Course pages 2011–12

Machine Learning for Language Processing

Principal lecturers: Prof Ted Briscoe, Dr Mark Gales
Taken by: MPhil ACS, Part III
Code: L101
Hours: 16 (8 lectures + 8 seminar sessions)
Prerequisites: None, but the modules Introduction to Natural Language Processing L100 and Spoken Language Processing L106 useful


This module aims to provide an introduction to machine learning with specific application to tasks such as document topic classification, spam email filtering, and named entity and event recognition for textual information extraction. We will cover supervised, weakly-supervised and unsupervised approaches using generative and discriminative classifiers based on graphical models, including hidden Markov models, Gaussian mixture models and conditional random fields.


  • Classification by machine learning: classification vs. prediction, types of classifier, generative vs. discriminative models, supervised training. [2 lectures, Dr Gales]
  • Document topic classification: bag-of-words representation, evaluation measures, feature selection, model comparison [2 seminars, Prof Briscoe]
  • Graphical models: Markov Models, Hidden Markov Models, Gaussian Mixture Models, Conditional Random Fields, Estimation Maximisation, Variational Inference. [4 lectures, Dr Gales]
  • Spam email filtering: task, adaptive training, semi-structured documents, N-gram language models, evaluation [1 seminar, Prof Briscoe]
  • Named entity recognition: HMMs vs. CRFs vs. parsing & non-sequential classification, inherent vs. contextual features, feature dependence, partial vs. actively labelled data, evaluation. [2 seminars, Prof Briscoe]
  • Support vector machines: maximum margin classifiers, kernel “trick”, types of kernel. [1 lecture, Dr Gales]
  • Relation extraction: sequence vs. tree vs. graph kernel approaches, evaluation. [2 seminars, Prof Briscoe]
  • Clustering: factor analysis, singular value decomposition, principal component analysis. [1 lecture, Dr Gales]
  • Document topic clustering and term clustering: latent semantic indexing/analysis, incremental semantic analysis, evaluation. [1 seminar, Prof Briscoe]

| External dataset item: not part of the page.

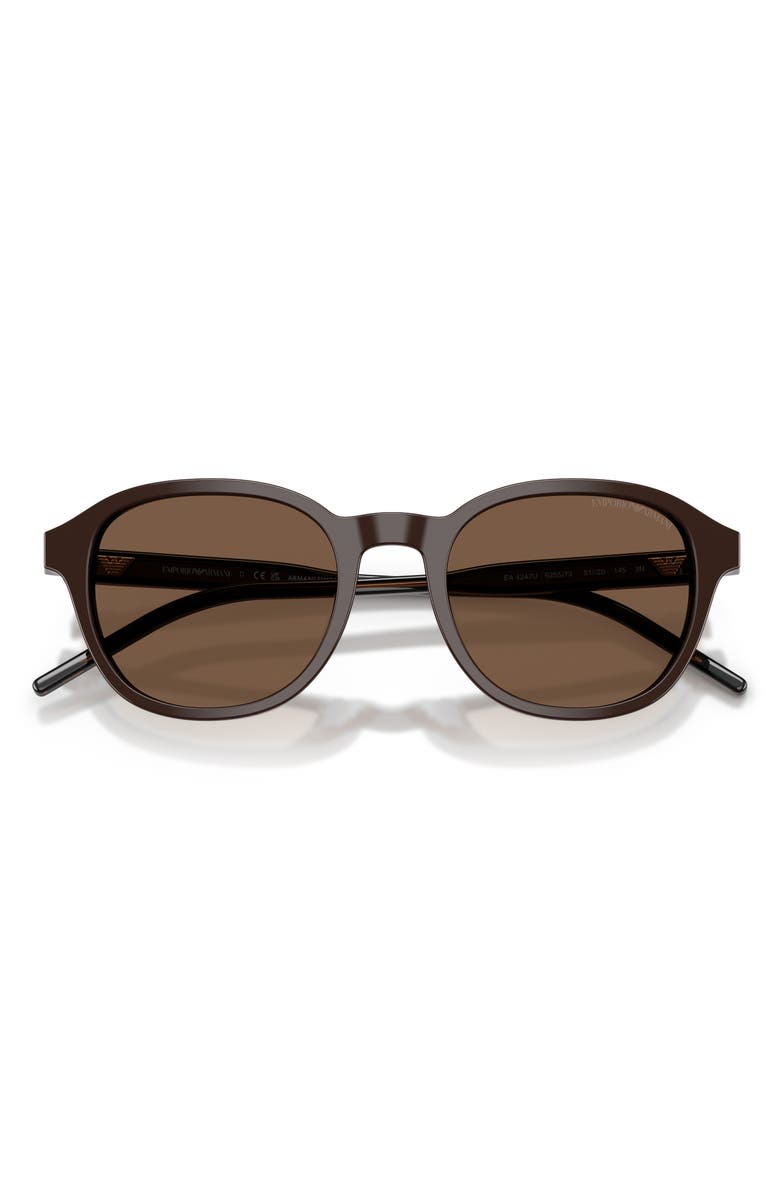 Emporio Armani 51mm Pillow Sunglasses, Alternate, color, Shiny Brown / Brown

On completion of this module, students should:

  • understand the issues involved in applying machine learning approaches to a range of language processing applications;
  • understand the theory underlying a number of machine learning approaches that have been applied to language processing, including: graphical models, Gaussian mixture models, conditional random fields, support vector machines;
  • understand applications of machine learning to specific tasks including: document topic classification and clustering, SPAM filtering, named entity recognition.


Students will be expected to undertake reading for assigned lectures and seminars. Each student will give a 20–30 minute presentation of one paper during a seminar.

Practical work



  • Students will receive one tick worth 5% for attendance at seminar sessions, reading of assigned material, and satisfactory contribution during seminars.
  • Students will receive a second tick worth 5% for a satisfactory presentation of an assigned paper.
  • Students will write an in-depth essay on a topic agreed with the lecturers of not more than 5000 words. The essay will be due at the beginning of the Easter Term, will be assessed by one of the lecturers, and will account for 90% of the module marks.

Recommended reading

Bishop, C. (2006). Pattern recognition and machine learning. Springer. (Chaps: 1, 2, 7–10, 12).
Jurafsky, D. & Martin, J. (2008). Speech and language processing. Prentice Hall (2nd ed.). (Chaps: 4, 6, 22).
Manning, C., Raghavan, P. & Schutze, H. (2008). Introduction to information retrieval. Cambridge University Press. (Chaps: 12–18).